Recently, Midjourney, a popular AI image generation startup with over 21 million Discord server users, officially launched its latest tool—"Patchwork." This tool aims to expand the boundaries of AI image creation and editing, providing users with a fresh creative experience.

Max Kreminski, head of Midjourney's Storytelling Lab, showcased Patchwork's features during a live session on Discord and X platforms. He explained that Patchwork will operate as a standalone application, requiring users to log into their Midjourney accounts to access it. The application's "research preview" URL is available in the "Updates" channel of the Midjourney Discord server, and users must link their Midjourney Discord accounts with their Google accounts to gain access.

Patchwork is a web-based infinite canvas with a blank white background. On the left side, there is a "Toolbox" containing buttons such as "Characters," "Events," "Factions," "Locations," "Props," and "Random," as well as tools like "Notes," "Images," "Portals," "Save," and "Share." Users can utilize these tools to create and manage various digital "worlds" on the canvas.

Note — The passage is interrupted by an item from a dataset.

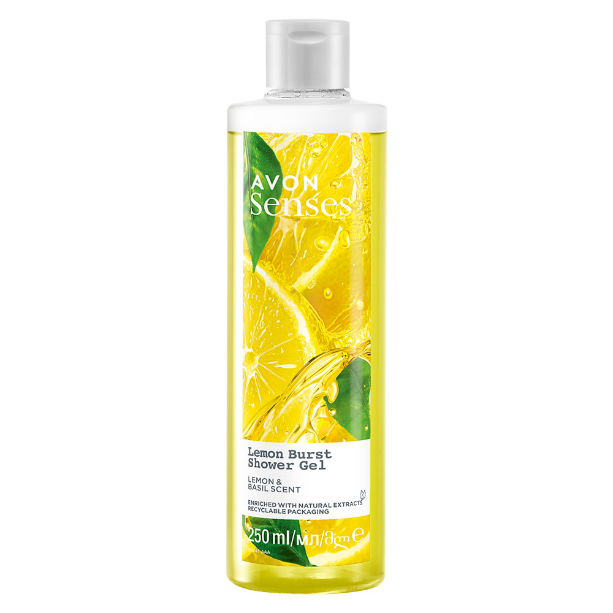 Avon Senses Lemon Burst Żel pod prysznic - 250ml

Each world consists of an individual canvas, and users can switch between different worlds by creating "Portals." To generate a new world, users need to enter text prompts in the editor bar at the top of the "Create" screen and select one or more from ten different image styles.

This will create a new white canvas featuring a series of new static image assets and text boxes or entities, referred to as "Fragments." These fragments include input boxes that allow users to generate new images or settings based on the initial world description, and even entirely new AI-generated character descriptions.

During the live demonstration, the character name was automatically filled as Marcus "Dizzy" Gillespie, sharing the name with the renowned jazz musician. Dragging the description into the new character image creation box generated four new AI-generated images. Users can also add new character boxes and prompt the creation of names, traits, and motivations, which can incite conflicts and lay the foundation for the story.

Users can connect characters with lines to indicate their relationships. Additionally, they can write action sequences and scene descriptions, each narrating a story. Each character can be used across multiple images, and these images can be grouped together through an option.

Users can "Share" their canvases with other Midjourney users for collaboration. According to Kreminski, up to 100 users can collaborate in real-time within the same world, although the experience may become increasingly chaotic as the number of users grows.

Kreminski also revealed that currently only logged-in users can view canvases, but non-users may be able to access them in the future. He mentioned that desktop role-playing game groups have already started using this feature to plan their games. Additionally, Midjourney version 7 (V7) will include a setting that allows maintaining consistency of multiple characters across different and new images.

Patchwork is powered by at least three different large language models, including an open-source model exclusively optimized for Midjourney. Looking ahead, Kreminski stated that there is a "very clear path to enhancing the details and interactions within the worlds," including achieving fully immersive 3D virtual reality scenes, though this may take several years.

Meanwhile, other AI researchers, startups such as Fei-Fei Li's World Labs, and major tech companies like Google are also seeking to develop AI capable of creating 3D immersive, navigable worlds from simple prompts or images.

Additionally, Midjourney founder David Holz announced during the live stream that the company will introduce multiple model personalization modes in the coming days. Currently, Midjourney allows users to personalize the type of visuals they wish to see in generations by rating images and fine-tuning the models to suit their individual preferences. Now, the company will allow users to have multiple personalized versions and switch between them.

Holz also revealed that Midjourney will allow users to upload and reference multiple images to the canvas to guide generation. Moreover, sometime after Christmas (December 25), Midjourney will launch video models and the Midjourney V7 AI image generator, the latter equipped with enhanced prompt understanding capabilities.

Holz further stated that Midjourney is developing three to four new hardware projects and is aiming to expand the company into a comprehensive research laboratory. He anticipates that it may take around six months to announce all these new projects.